A few months ago, a nephew hurt me deeply by writing inaccurate and hurtful things about me on a private family group chat. Someone from the group copied it and emailed it to me so I would know what was being said about me. Thank you.
Words like these should not affect me but it did, I found it to be mean-spirited especially from someone who I thought was better than that. However, he has not said these words to me directly. In fact, we have not spoken in years.
I have been trying to work though my hurt but each time I read what he wrote I am taken back to the anger I feel. I guess, I should stop reading it, right! I have even been avoiding family gatherings because I don’t want to have a confrontation with him while I still carry this anger, or have family take sides. More importantly, I don’t want to just ignore him. I don’t want to be angry and at the same time I don’t want to pretend his words and attitude didn’t hurt me. So I have stayed away and will continue to avoid family gatherings until I have made peace with it. I think, I am almost there after a dream I had last night.
In my dream I was at my late brother Rossi’s grave with some family members. I was okay emotionally until I tried to take a picture and then I was overcome with emotional grief. This nephew tried to console me but I wouldn’t let him. I could see that he didn’t like to see me in so much pain and he just stood there and watched helplessly. I was inconsolable. I felt like the day we buried my brother, totally heartbroken. Then I woke up.
My understanding of this dream is seeing my nephew try to help me deal with my pain and sorrow. He may have said some harsh words about me to family on social media but I don’t really think he meant to hurt me, and even if he did, so what. At any rate, it is not about my relationship with my nephew because we really don't have one, not one that counts. I am certain that he has not thought about what he wrote since he wrote it, so the only person hurting, is me. I keep hurting myself, over and over again, just thinking about what he wrote. It is just a story in my head. It is my story!
The only way forward for me is to change my thinking about this incident. My intent is to forgive him, not for him, but for myself. The way I see it forgiveness is for the most part, for the forgiver. It is to set our mind at ease and it does not matter if the other person accepts the forgiveness or not. At the end of the day, we don't need validation from anyone.
My forgiveness Note:
I am writing today to let you know how I felt when I read something you wrote about me on a private family chat on Facebook. It is so long ago that you likely don't even remember it. I am embarrassed to say that it bothered me this long. That said, I am not sure why you said what you said about me to other family members. You may not know this, but it really upset me. I was angry and very hurt. Why would you say those things? You do know it was untrue and if you don't, I would gladly explain to you. Based on your tone in your message it sounds like you really must hate me or have very little regard for me.
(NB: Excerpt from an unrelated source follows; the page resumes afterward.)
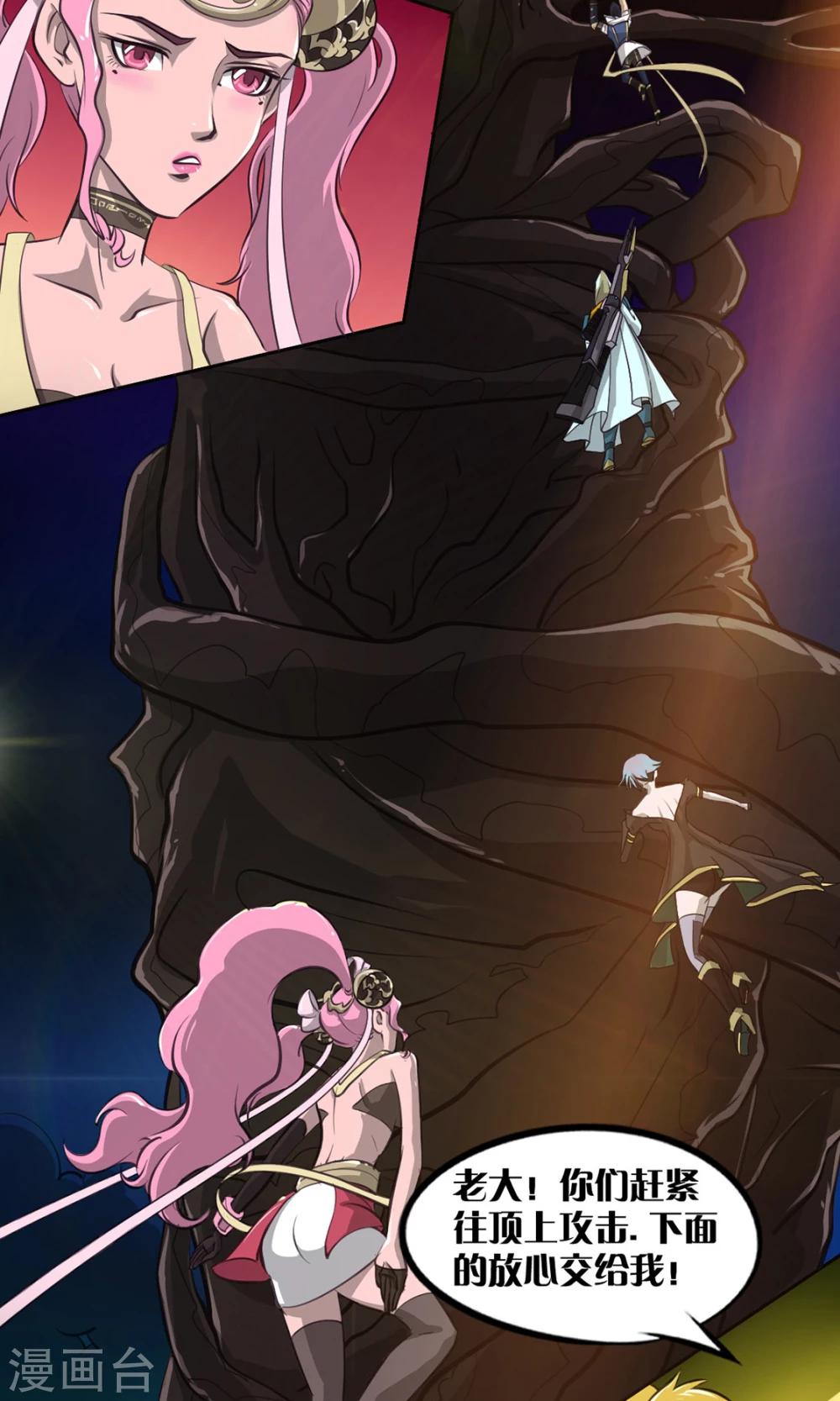 第7话 LAST BOSS11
And that is okay.
In addition, I am not asking for your explanation or state of mind at the time you wrote what you did because what is done is done. The only thing that matters is how I respond to what you wrote. At this moment those words don't need any more attention from me. I choose to not have them impact on me anymore. I have decided to not be affected by it anymore, it is just words.
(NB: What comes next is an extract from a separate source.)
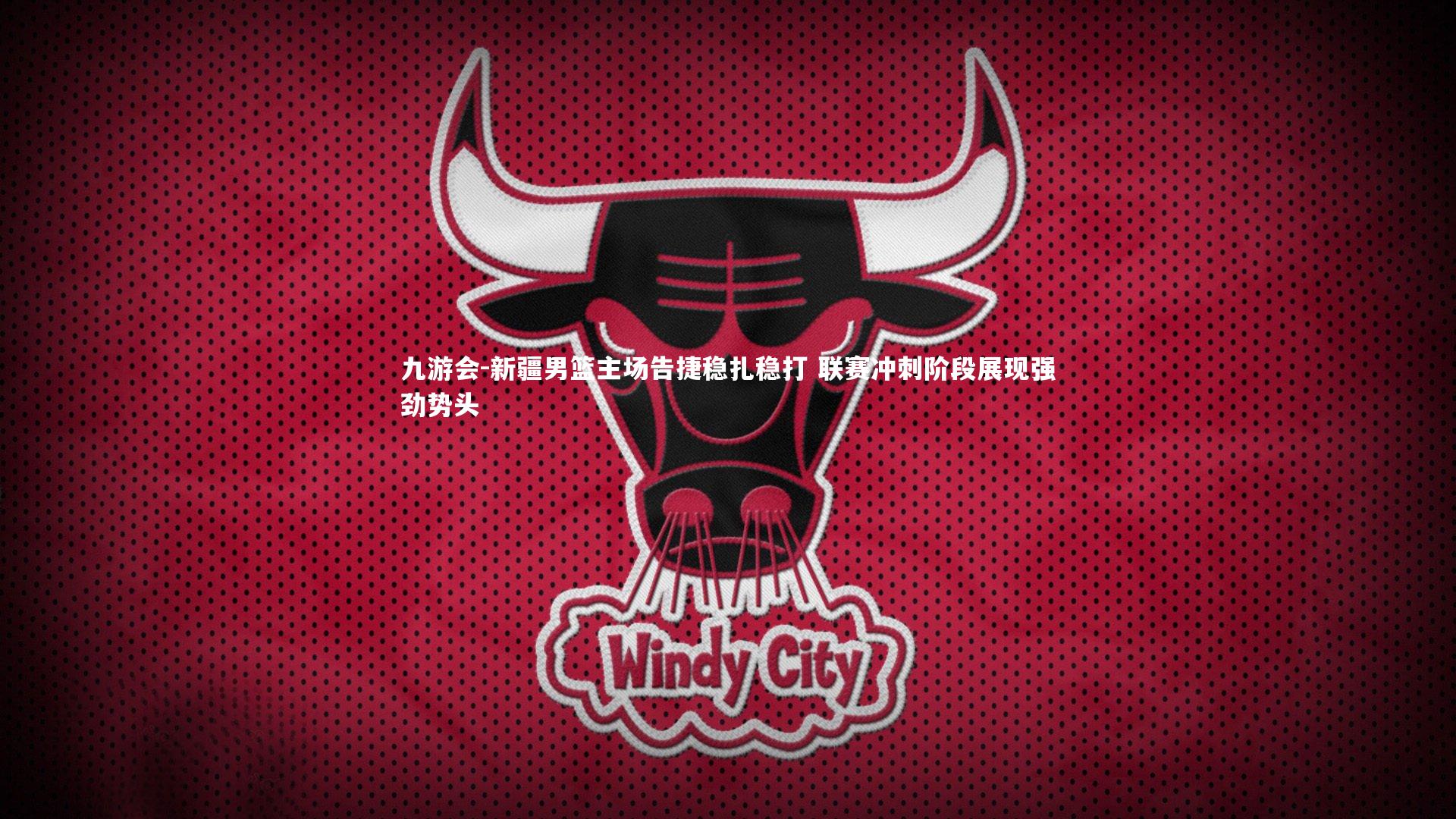新疆男篮主场告捷稳扎稳打 联赛冲刺阶段展现强劲势头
I want you to know that I FORGIVE you for writing those words, but more importantly, I forgive myself for having carried the anger and hurt for way too long. You wrote, “We must remain united…” I hope you also included me in that statement since I am still part of the family.
Today is the Canadian Thanksgiving, making this a perfect day to move past this. There is so much to be grateful for. I am grateful for having had a time in our life where we loved and respected one another. I am grateful for the members of my family who truly love and understand me. I am grateful for my dream last night, which led me to the understanding that the hurt feeling was really my own doing and that I have the power to change it. I just reread what you posted and I am pleased to say, that I feel nothing.
Perhaps one day you will actually ask me to explain to you what it is we do for First Nations across Canada. And, maybe you will get an appreciation of all the positive changes they have made to their nations resulting from the settlement of land claims against the federal and provincial governments. It is rewarding work and I am completely satisfied to be on the right side of the table. It is gratifying work and I am blessed.
Happy Thanksgiving to you and your family!
See you at the next family gathering.